**PROBLEM TO WORK ON**
What's wanted is a faithful retyping of every entry, pictures excluded.

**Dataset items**
------------------------

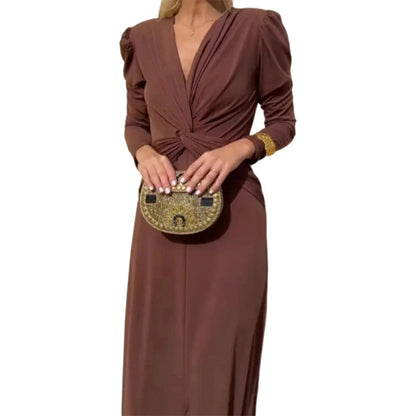 Rochie lungă elegantă pentru femei, cu decolteu în V și față răsucită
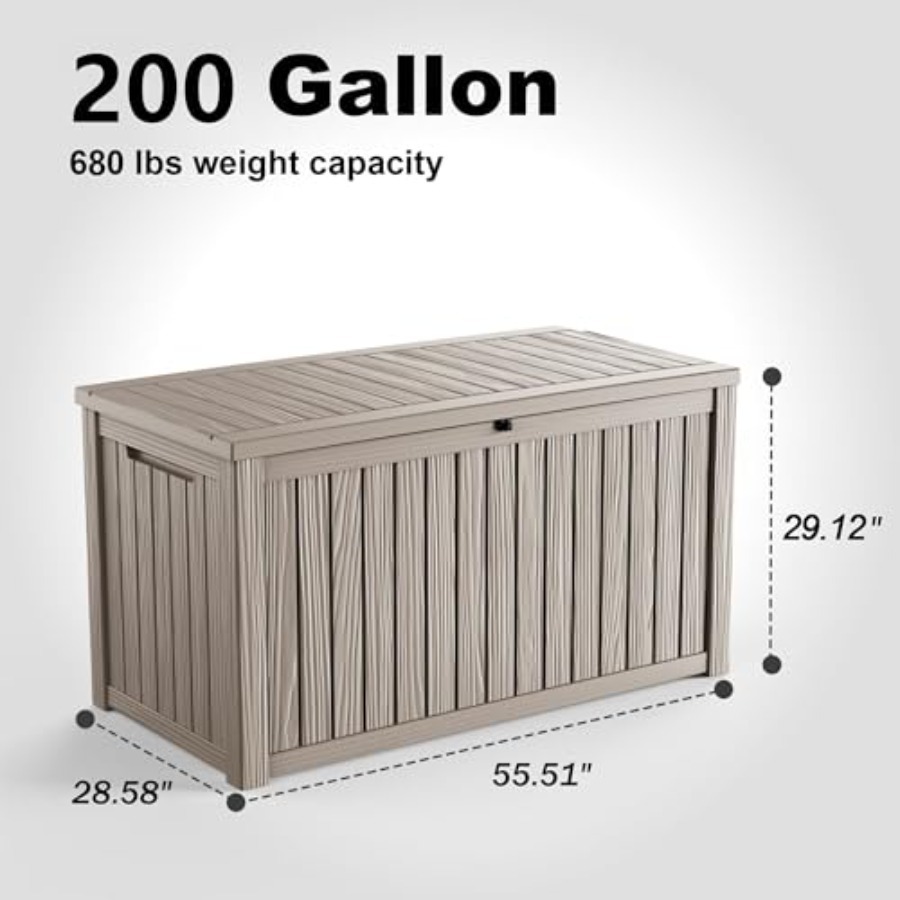 200 Gallon outdoor storage box - Outdoor Furniture Grey のレビューと価格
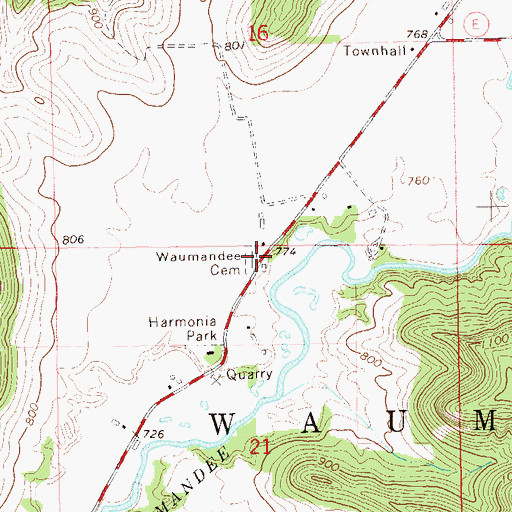 Topographic Map of Waumandee Cemetery, WI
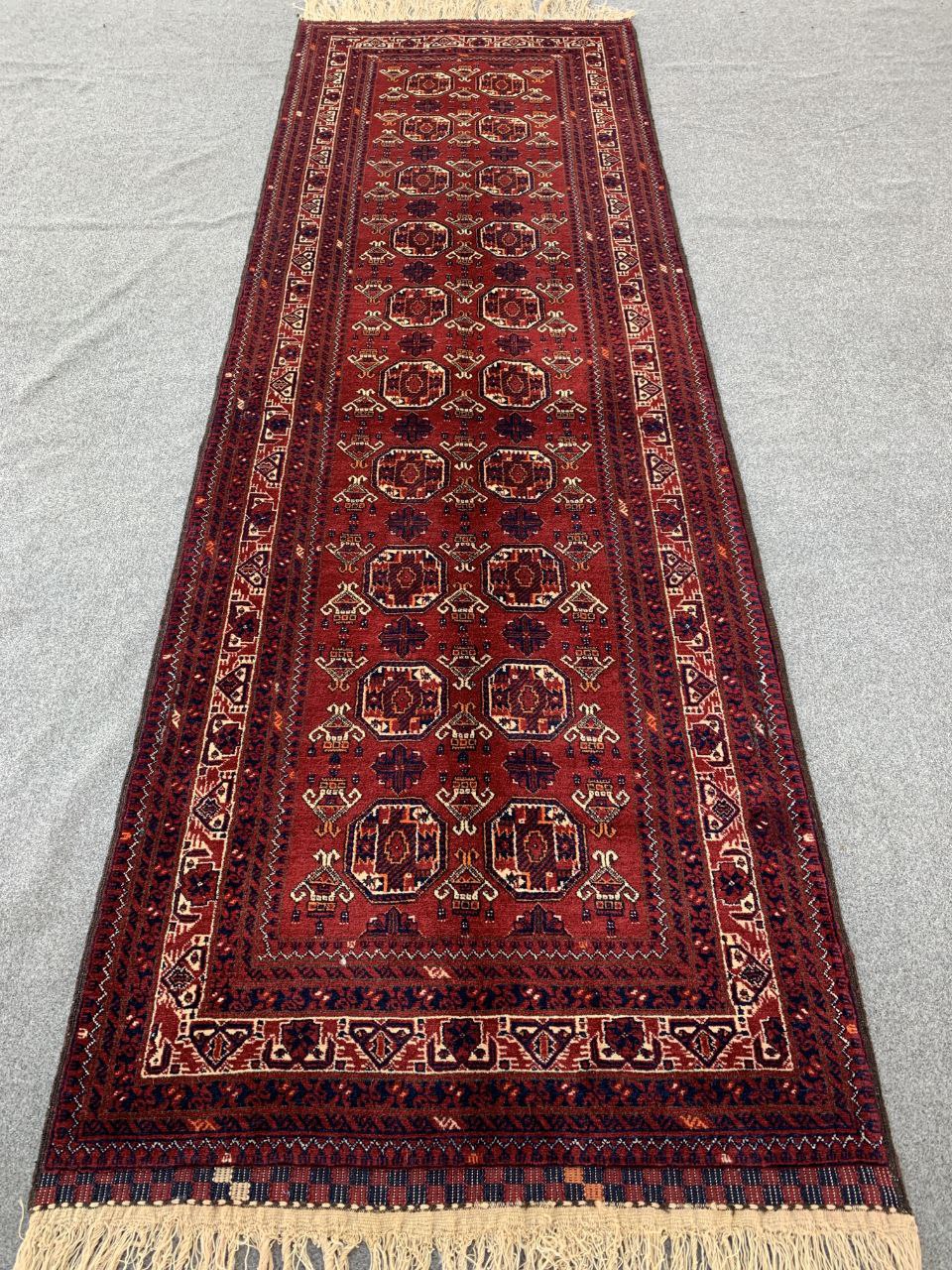 3x9 ft Afghan Handmade Vintage Kunduzi Runner Rug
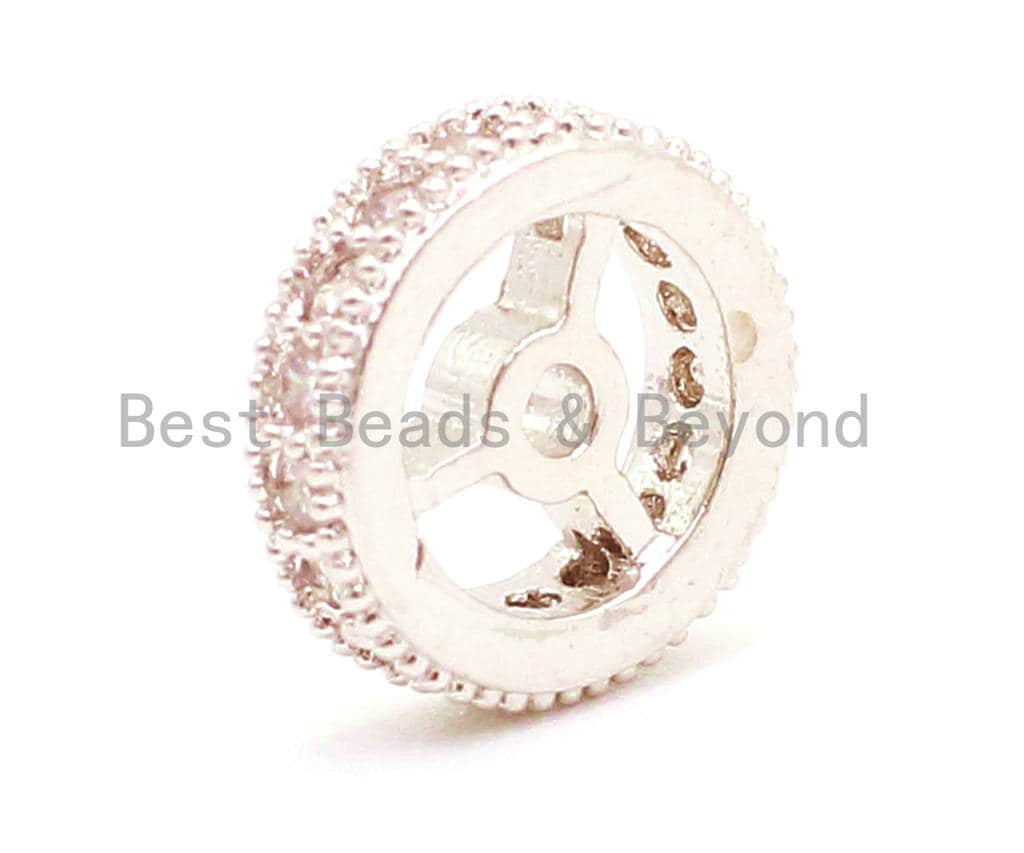 CZ Micro Pave Round Wheel Spacer Beads, sku#G79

------------------------

**ANSWER BELOW**
 Rochie lungă elegantă pentru femei, cu decolteu în V și față răsucită
 200 Gallon outdoor storage box - Outdoor Furniture Grey のレビューと価格
 Topographic Map of Waumandee Cemetery, WI
 3x9 ft Afghan Handmade Vintage Kunduzi Runner Rug
 CZ Micro Pave Round Wheel Spacer Beads, sku#G79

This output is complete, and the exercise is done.